Random thoughts

Share to Learn, Learn to Share

On Sparse Matrix Storage Schemes (Novice-level)

In this post, I will discuss some simple storage schemas for sparse matrices.
Disclaimer: This informal note is mainly based on my understanding so far, and for my learning purposes. For more accurate and detailed discussion, please refer to your reliable sources.

A sparse matrix is a matrix, which is almost all zeros. In general, a zero can be thought as a meaningless value that we don’t need to store. In other words, storing only nonzero items for a sparse matrix is enough. As a result, we can save a lot of memory space, or time to transfer compressed data over networks, etc. But, keep in mind that there might be a trade-off between memory efficiency and fast/easy access to nonzero items. We will discuss more about this problem in later posts (I hope so!).

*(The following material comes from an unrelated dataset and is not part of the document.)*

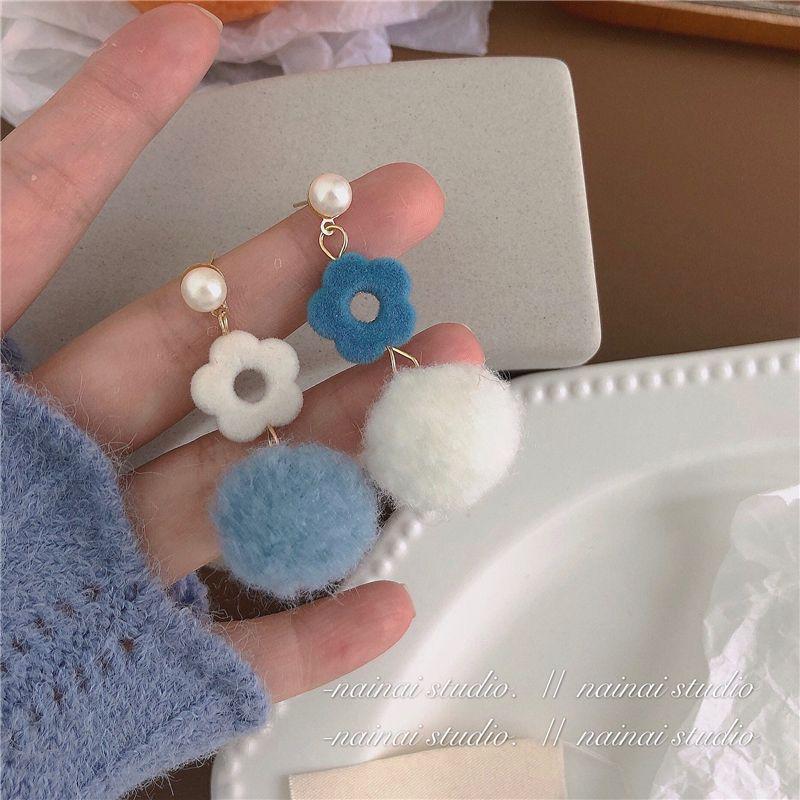 Red Retro Hong Kong Style Flocking Flower Bow Earrings - Elegant Long Design for Women, Perfect for Autumn and Winter Seasons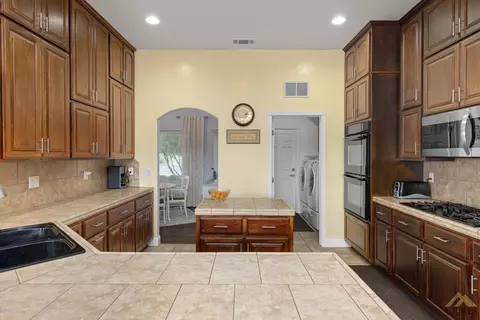 21401 Shirley Dr, Tehachapi, CA 93561 photo 17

Let M denote a sparse matrix of size R x C. Assume that M contains n nonzero items, where n is significantly smaller than R x C. Below are three simple yet useful storage schemes:
1. Coordinate Format (COO)
A list of triplets (r,c,val), where val = M[r][c].

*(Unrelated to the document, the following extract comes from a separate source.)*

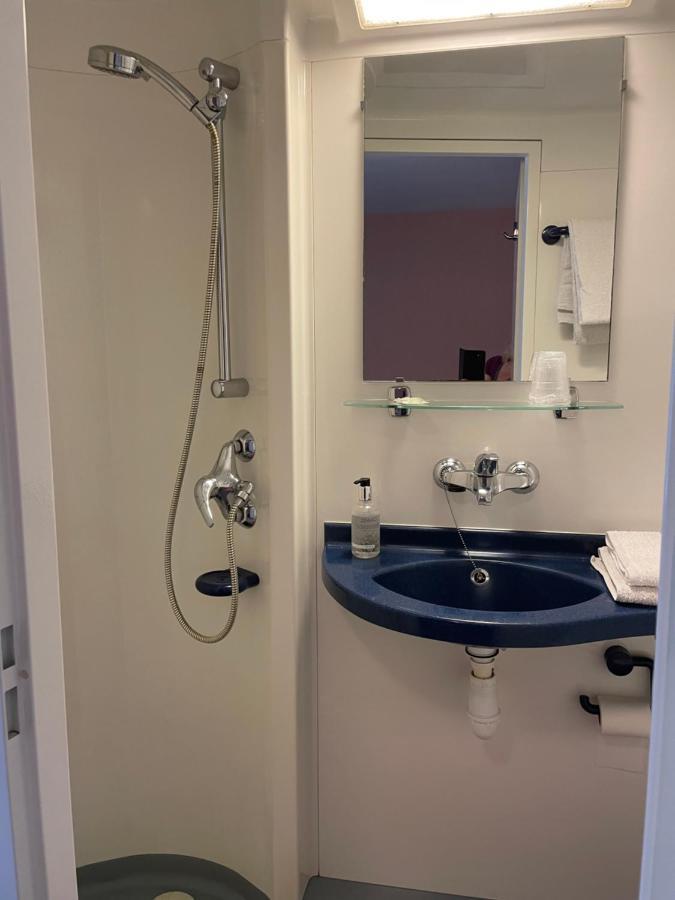 Le Lobreont Hotel Surzur Bagian luar foto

2. Compressed Sparse Row Format (CSR)
Basically, all information is stored in 3 arrays:
* vals: array of nonzero items in left-to-right, then top-to-bottom order. Hence, vals is a length n array.
* col_ind: array of column indices (0-based) of nonzero items. Hence, col_ind is a length n array.
* rs_ind: (index of first nonzero item of each row in vals array). Hence, rs_ind is a length (R+1) array. All nonzero items of M’s i-th row lies in range [rs_ind[i], rs_ind[i+1]-1] of vals array. That is, if we denote le = rs_ind[i], ri = rs_ind[i+1]-1, then vals[le..ri] are all nonzero items in i-th row of M.

3. Compressed Sparse Column Format (CSC)
This format can be thought as CSR with the roles of row and column exchanged. Then, I will skip the explanation here.